On 1/19/00 4:05 AM, Alan Harper < [EMAIL PROTECTED]> wrote:
>I have an airport base station set up on my B&W G3
This statement is confusing. Do you have a base station AND a G3, a third
party PCI wireless card? A Base Station literally on TOP of your G3
(snicker)? Please specify.
>and a 2400c with a
>WaveLan Silver card. Right now I am using fixed IPs assigned by my
>ISP. It all seems to work great, except that I can't "ping" the 2400c
>thru the airport. I can see the 2400c from the desktop using
>Appletalk and file sharing, but it doesn't seem to show up using
>TCP/IP. Any ideas why?
Can you ping it from the desktop?
>Also, I am about to run out of IPs, so I am thinking of serving IP's
>using DHCP. I can do this either with my ISDN router, or with the
>airport, or by purchasing IP/Netrouter. Any thoughts as to the best
>way to proceed?
You don't need to switch to DHCP to save address. What you would need to
do is setup NAT (Network Address Translation) by where you have the
AirPort base station, or the ISDN router, or a software package on one of
the machines (IPNetRouter, a Vicomsoft product, or Apple's promised
Airport Software Base Station) bridge to TCP/IP networks and translate.
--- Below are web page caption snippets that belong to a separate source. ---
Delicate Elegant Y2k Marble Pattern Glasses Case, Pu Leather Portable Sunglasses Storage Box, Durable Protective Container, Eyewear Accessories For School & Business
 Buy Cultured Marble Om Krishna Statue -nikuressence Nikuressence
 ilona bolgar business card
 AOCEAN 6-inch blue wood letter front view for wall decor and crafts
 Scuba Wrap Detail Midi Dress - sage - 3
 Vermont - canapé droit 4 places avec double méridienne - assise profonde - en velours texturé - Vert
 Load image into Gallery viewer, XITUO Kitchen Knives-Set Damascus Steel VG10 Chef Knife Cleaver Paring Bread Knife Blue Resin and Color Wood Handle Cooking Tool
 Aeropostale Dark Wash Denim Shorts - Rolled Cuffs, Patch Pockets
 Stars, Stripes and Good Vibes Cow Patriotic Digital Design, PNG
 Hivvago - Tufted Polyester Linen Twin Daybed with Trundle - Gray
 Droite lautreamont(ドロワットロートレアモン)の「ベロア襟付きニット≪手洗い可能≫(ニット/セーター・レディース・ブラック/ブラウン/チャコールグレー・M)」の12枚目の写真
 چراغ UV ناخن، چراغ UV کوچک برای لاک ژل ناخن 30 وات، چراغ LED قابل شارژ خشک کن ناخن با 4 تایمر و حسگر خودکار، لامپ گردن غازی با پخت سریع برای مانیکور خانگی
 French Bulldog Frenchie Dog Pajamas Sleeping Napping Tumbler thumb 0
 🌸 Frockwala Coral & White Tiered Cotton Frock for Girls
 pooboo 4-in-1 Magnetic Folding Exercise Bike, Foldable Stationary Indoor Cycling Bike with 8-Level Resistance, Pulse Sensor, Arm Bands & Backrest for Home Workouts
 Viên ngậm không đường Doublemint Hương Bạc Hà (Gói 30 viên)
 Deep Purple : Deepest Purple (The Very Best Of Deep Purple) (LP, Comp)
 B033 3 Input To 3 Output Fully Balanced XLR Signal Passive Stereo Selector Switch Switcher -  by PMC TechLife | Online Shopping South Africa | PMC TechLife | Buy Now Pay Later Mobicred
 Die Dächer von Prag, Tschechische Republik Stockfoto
Whichever you use to do this I will now refer to as "The Router". The
Router will use one of your ISP-assigned addresses. It will also maintain
a second IP address. Typical this will be a "private" address (anything
that begins with 192.168.x.x). Your other machines will be on the private
network, and must have their router/gateway configured as the IP address
of The Router. The Router will then translate any requests they make, get
and fetch the stuff on the internet and then serve it back. As far as the
internet is concerned, every request is coming from the IP address of the
router.
That's probably a not-so-coherent explanation (I'd love to hear Tim's!),
but my main point is DHCP is NOT a requirement for this configuration,
and I would recommend against it with so few machines. DHCP was made to
ease configuration in large networks. This is not your case. Stick with
static-IPs for your interal machines as it is a bit more reliable and one
less thing to troubleshoot in a problematic situation.